L'ex-magnat du pétrole et critique du Kremlin Mikhaïl Khodorkovski, emprisonné depuis 2003, a vu jeudi sa peine réduite de deux ans et devrait être libéré en octobre 2014 en vertu d'un changement de la législation, ses avocats continuant d'exiger l'annulation de sa condamnation.        

Le tribunal municipal de Moscou a décidé de réduire de treize à onze ans la condamnation pour vol de pétrole et blanchiment d'argent de M. Khodorkovski, ainsi que celle de son associé Platon Lebedev, qui devrait de son côté sortir de prison en juillet 2014.

La loi prévoit en effet désormais des peines moins lourdes pour ces chefs d'accusation. Les avocats des deux hommes avaient demandé l'annulation pure et simple de leur condamnation, et leur libération immédiate.

L'affaire Ioukos a été dénoncée par les libéraux russes et à l'étranger comme inspirée par le Kremlin pour reprendre le contrôle de précieux actifs pétroliers et mettre au pas un homme d'affaires qui avait manifesté des ambitions politiques et soutenu l'opposition.

Le président russe Vladimir Poutine a assuré jeudi n'avoir joué aucun rôle dans cette décision de justice.

«Je n'ai influencé d'aucune manière l'activité des forces de l'ordre et des instances judiciaires, je ne m'en suis pas mêlé», a déclaré M. Poutine, interrogé pendant sa première grande conférence de presse depuis son retour en mai au Kremlin pour un troisième mandat présidentiel.

Un journaliste avait mis en doute la possibilité d'une telle décision de la justice sans un accord politique au plus haut niveau.

«Il ne faut pas politiser ces questions.
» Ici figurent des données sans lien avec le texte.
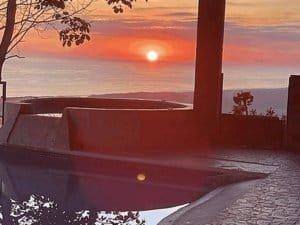 Beautiful ocean sunset view from a tropical estate in Dominical, Costa Rica.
Je suis sûr que Mikhaïl Borissovitch sortira, que tout ira bien, que Dieu lui donne la santé», a ajouté M. Poutine, évoquant M. Khodorkovski par son prénom et son patronyme, une marque habituelle de respect dans la tradition russe.

Par le passé, lorsqu'il était interrogé sur M. Khodorkovski, Vladimir Poutine, auquel a été prêté un conflit personnel avec celui qui fut l'homme le plus riche du pays, ne prononçait même pas son nom de famille.

Il l'avait comparé au mafieux américain Al Capone, au financier emprisonné Bernard Madoff, et l'avait même accusé d'avoir du sang sur les mains - une accusation jamais évoquée en justice.

Les dirigeants russes ont soufflé le chaud et le froid depuis un an, alors qu'ils étaient confrontés à une contestation sans précédent depuis les années 1990.

Dans un article publié mercredi sur le site internet dédié à sa défense, M. Khodorkovski a estimé que le système judiciaire en Russie ne l'était que «par son nom» et que les tribunaux restaient «soumis au président».

L'ex-dirigeant du géant pétrolier russe Ioukos, et son associé M. Lebedev, détenus depuis 2003, avaient été condamnés en 2005 pour escroquerie à grande échelle à huit ans de camp.

Cette peine a été portée à 14 ans en décembre 2010 à l'issue d'un second procès pour vol de pétrole, un total ensuite réduit d'un an en appel, ce qui devait les maintenir en détention jusqu'en 2016.

La défense, qui demandait une annulation de la condamnation et une clôture du dossier, a dénoncé dans un communiqué une nouvelle «farce judiciaire» et d'ores et déjà annoncé qu'elle ferait appel du jugement devant la Cour suprême russe.

«Même une réduction de deux ans ne correspond pas aux modifications dans la législation russe. La condamnation doit être totalement annulée, et nos clients doivent être libérés», a déclaré à l'AFP un des avocats de M. Khodorkovski, Vadim Kliouvgant.

«Nous poursuivrons la lutte et allons bien sûr faire appel», a-t-il ajouté.

«Malgré la décision apparemment prometteuse d'aujourd'hui, les enquêteurs et les procureurs poursuivent les investigations contre Khodorkovski et Lebedev, et continuent les procès par contumace des personnes liées à Ioukos qui ont fui à l'étranger», souligne la défense dans son communiqué.

L'ex-dissidente soviétique et militante des droits de l'homme Lioudmila Alexeeva a aussi jugé ce jugement insatisfaisant.

«Ce n'est pas en 2014 qu'il faut les libérer : il ne fallait pas les mettre en prison du tout. Et puisqu'ils les ont mis en prison, il fallait les libérer aujourd'hui», a-t-elle déclaré, citée par l'agence de presse Interfax.